=== Section Start ===
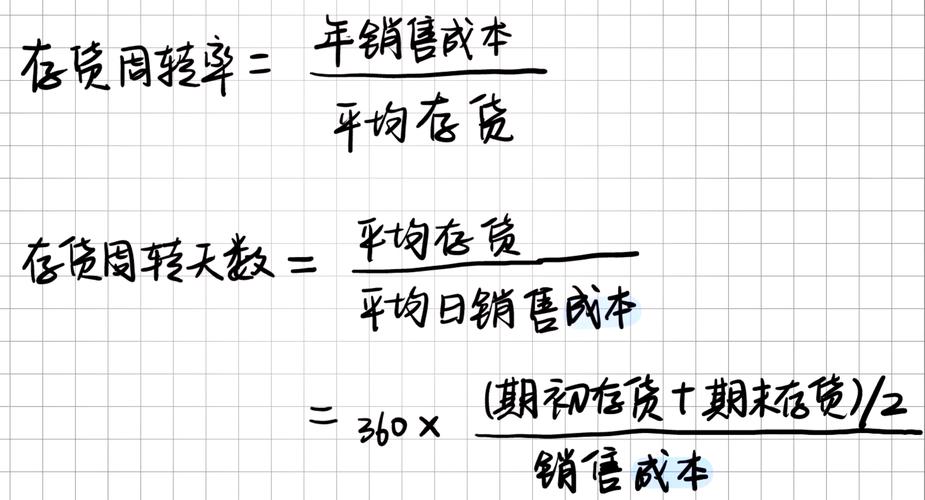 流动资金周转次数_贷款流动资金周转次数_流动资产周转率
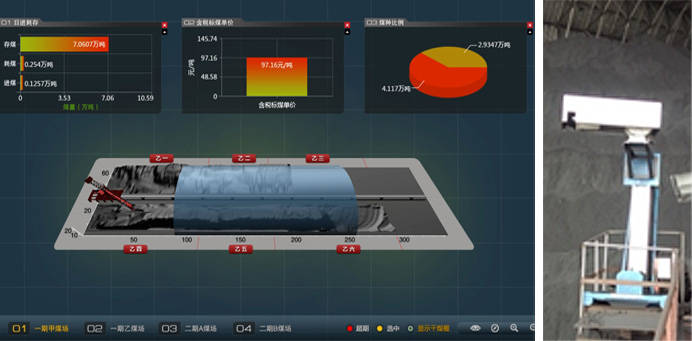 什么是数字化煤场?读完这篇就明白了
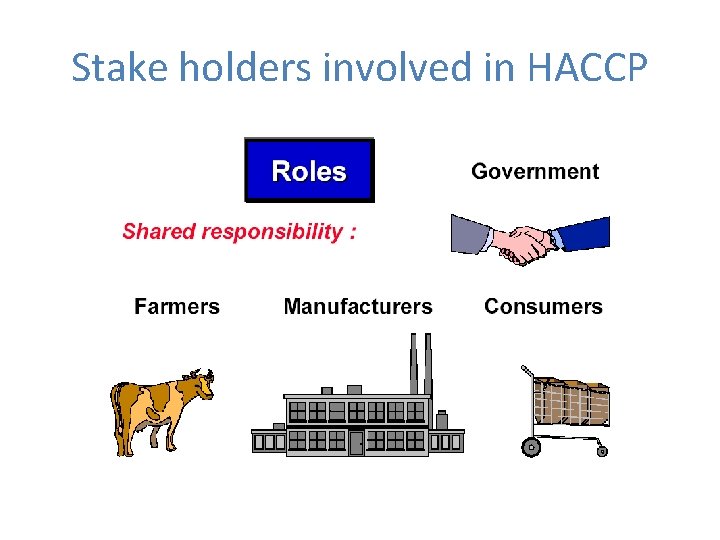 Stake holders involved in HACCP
=== Section End ===
=== Section Start ===
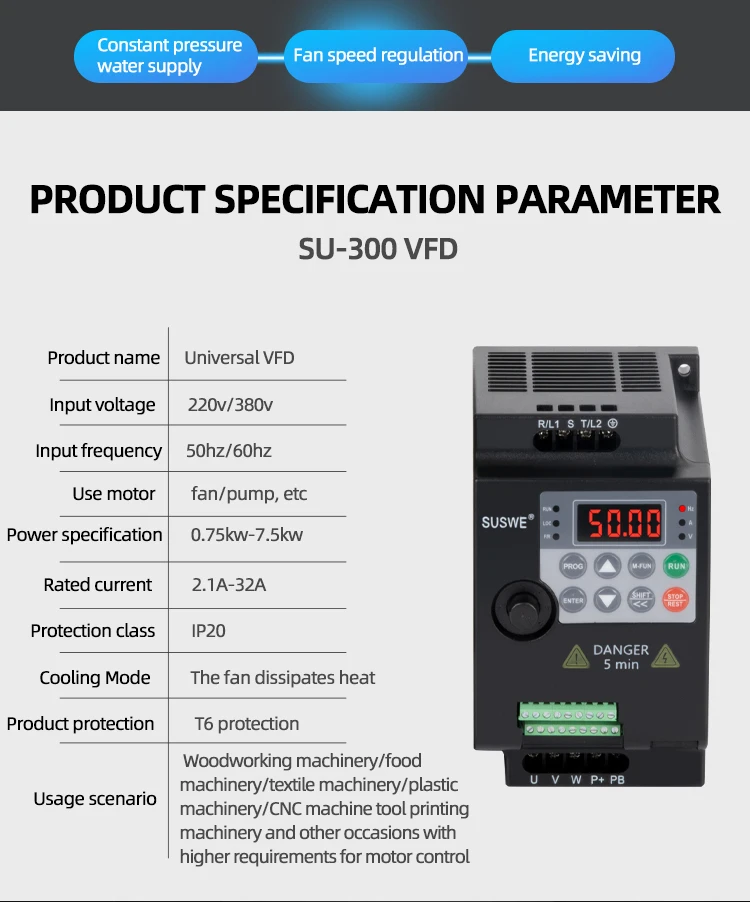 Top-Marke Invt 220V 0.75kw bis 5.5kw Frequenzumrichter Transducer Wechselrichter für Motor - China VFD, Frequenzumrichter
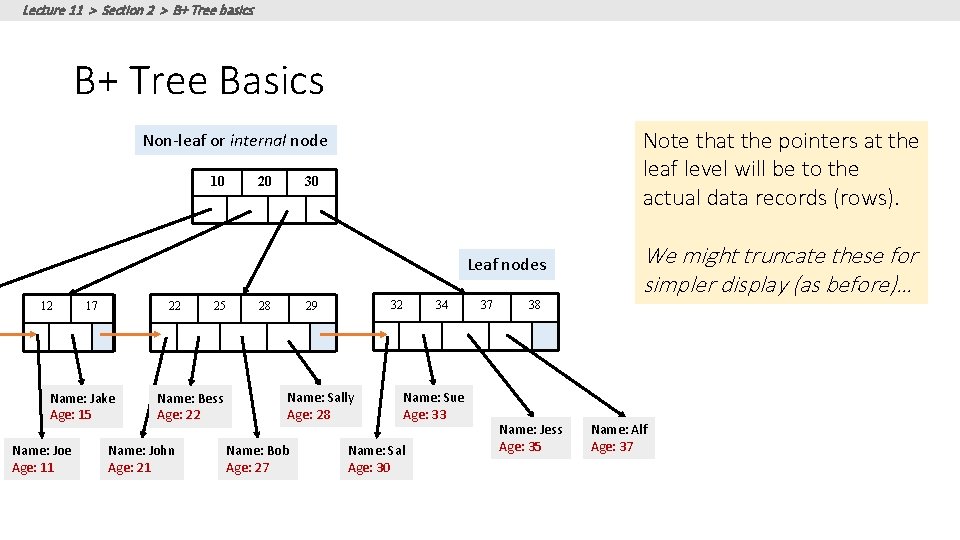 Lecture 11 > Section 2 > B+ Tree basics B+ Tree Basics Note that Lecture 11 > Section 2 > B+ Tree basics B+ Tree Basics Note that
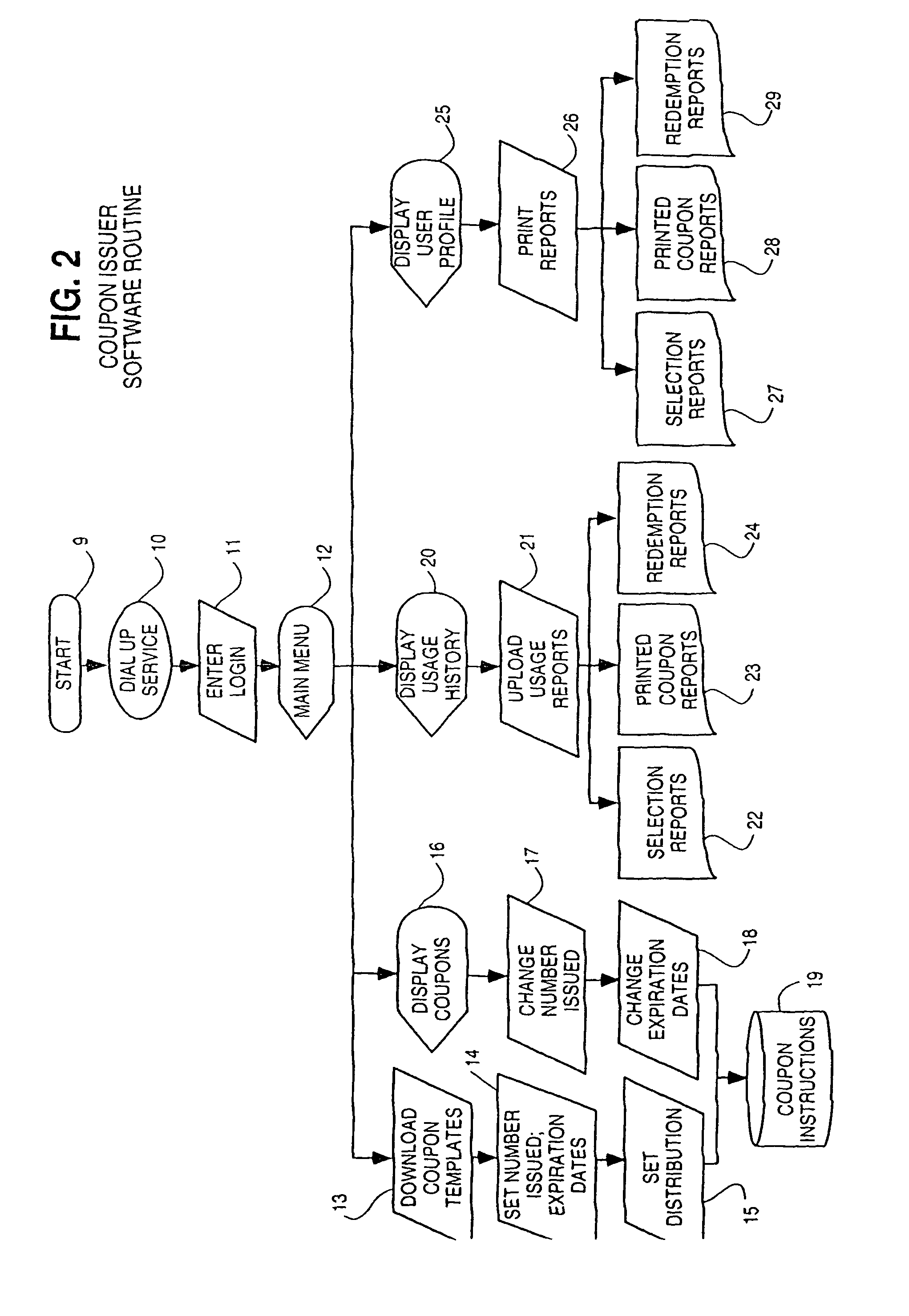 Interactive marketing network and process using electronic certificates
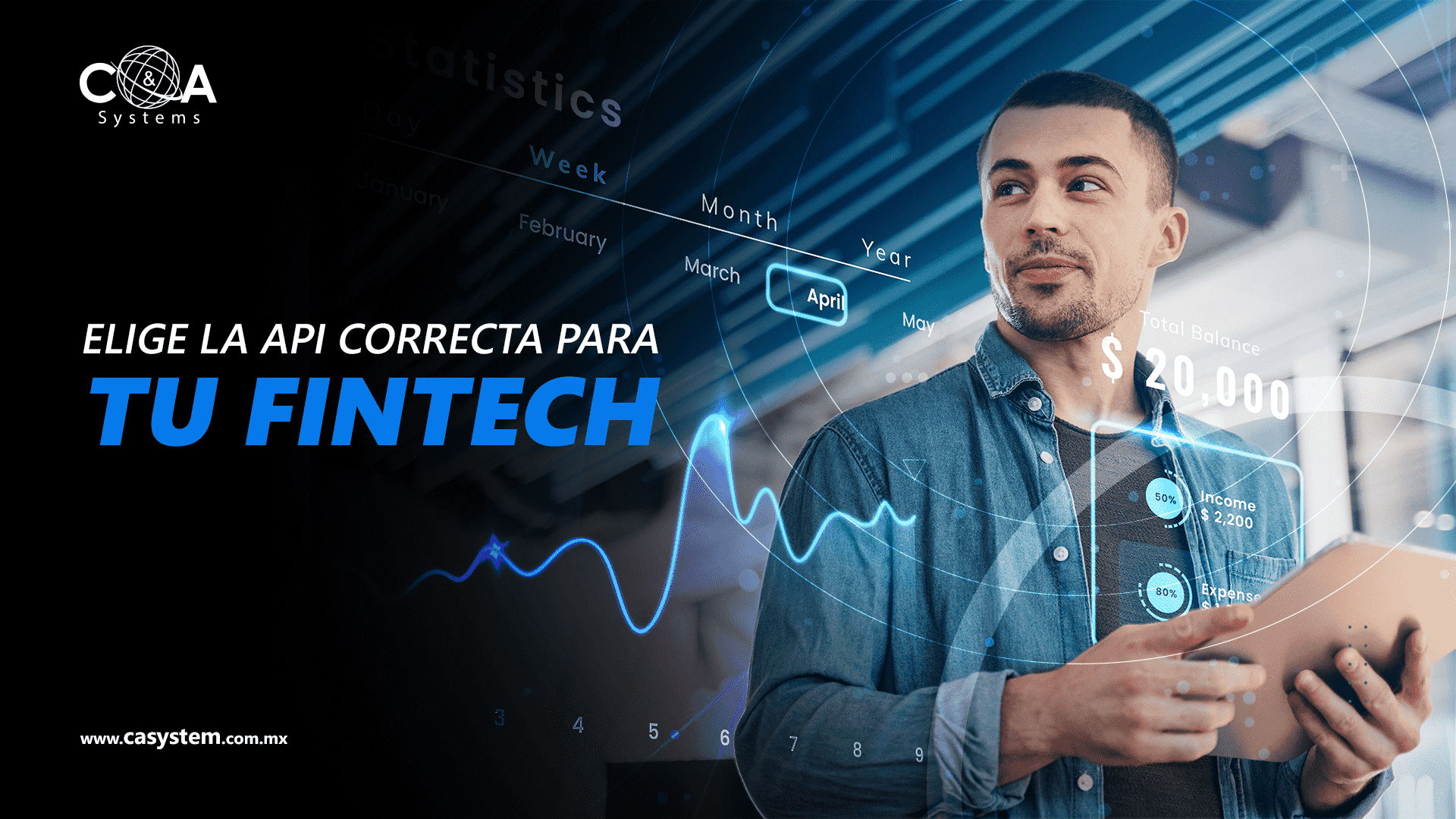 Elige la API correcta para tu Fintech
=== Section End ===
§ **TASK DETAILS**: Set down again, word for word, every line from the one with "Top-Marke Invt 220V" to the one with "Elige la API correcta para tu Fintech" in the entries above, and omit the pictures.

§ **SOLUTION BELOW**:
 Top-Marke Invt 220V 0.75kw bis 5.5kw Frequenzumrichter Transducer Wechselrichter für Motor - China VFD, Frequenzumrichter
 Lecture 11 > Section 2 > B+ Tree basics B+ Tree Basics Note that Lecture 11 > Section 2 > B+ Tree basics B+ Tree Basics Note that
 Interactive marketing network and process using electronic certificates
 Elige la API correcta para tu Fintech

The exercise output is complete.